Jemand ne Ahnung ob man irgendwie sein Geld wiederbekommen kann? Habs per Paypal gekauft und komme irgendwie auf keinen gemeinsamen nenner mit dem Spiel. Was passiert z.B. wenn ich von paypal einfach das Geld zurückbuchen lasse? Wird lediglich der Steam Account gesperrt?


----------



## Tagres (12. Februar 2010)

Wenn du Glück hast, dann passiert nur das. Was du vorhast ist im Endeffekt eine Art von Betrug. Ich würde stark davon abraten!

 Verkauf den Account doch bei ebay.


----------



## Teal (13. Februar 2010)

Sin schrieb:


> Jemand ne Ahnung ob man irgendwie sein Geld wiederbekommen kann? Habs per Paypal gekauft und komme irgendwie auf keinen gemeinsamen nenner mit dem Spiel. Was passiert z.B. wenn ich von paypal einfach das Geld zurückbuchen lasse? Wird lediglich der Steam Account gesperrt?
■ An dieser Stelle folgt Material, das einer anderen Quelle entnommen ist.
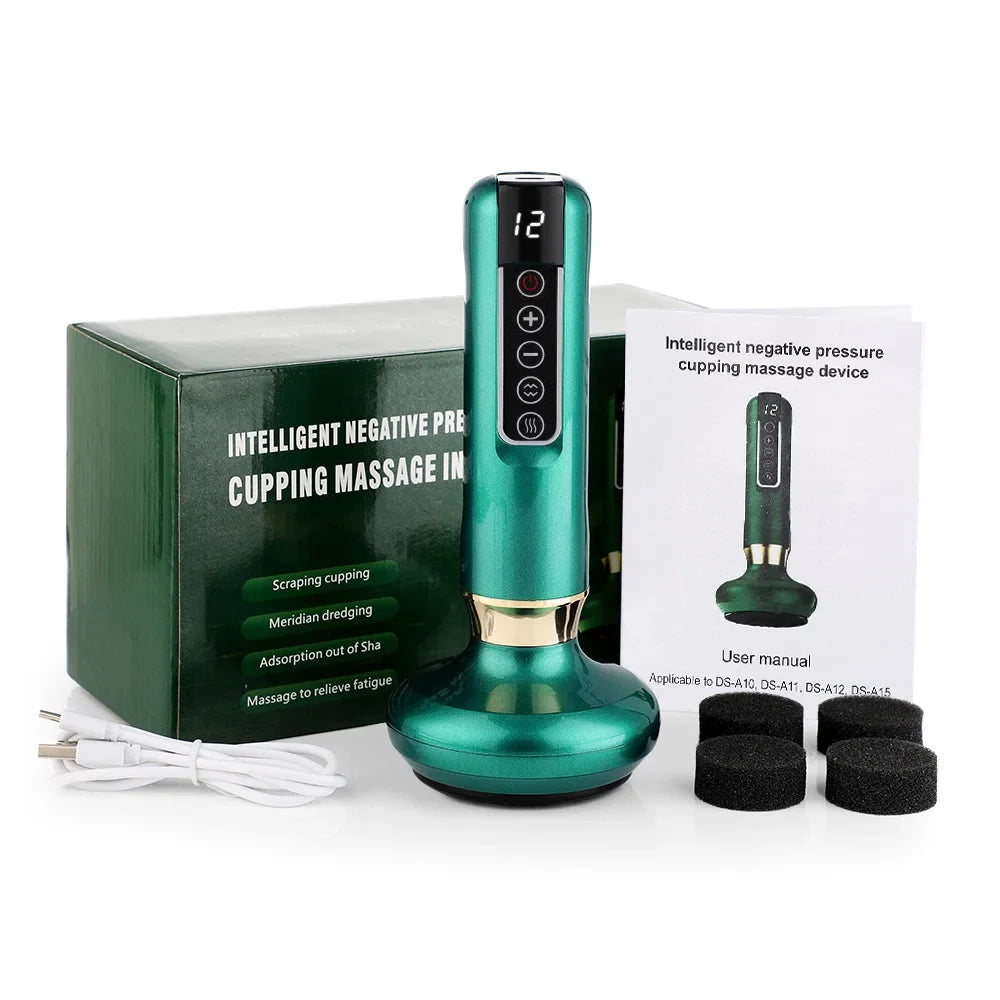 Intelligent Suction Medical Cupping Set Beauty Massager Glass Jars Anti Cellulite Cupping Vacuum Slimming Guasha Massage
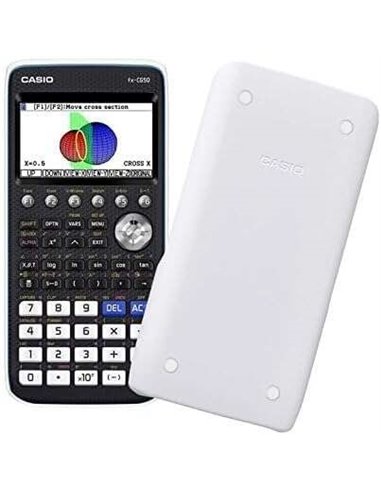 Calculatrice scientifique graphique 3D Casio FX-CG50 - Écran couleur 8 lignes - Graphiques 3D dynamiques et statistiques - Alime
Gar nicht mehr... Und ja, gesperrt wird er dauerhaft - inkl. aller Games. Lohnt also nicht.


----------



## Dominau (13. Februar 2010)

was ist mit sturmfront? gibts die nicht mehr?


----------



## Sin (13. Februar 2010)

Also gestern abend war noch ein Member von Sturmfront on ^^


----------



## Telema (14. Februar 2010)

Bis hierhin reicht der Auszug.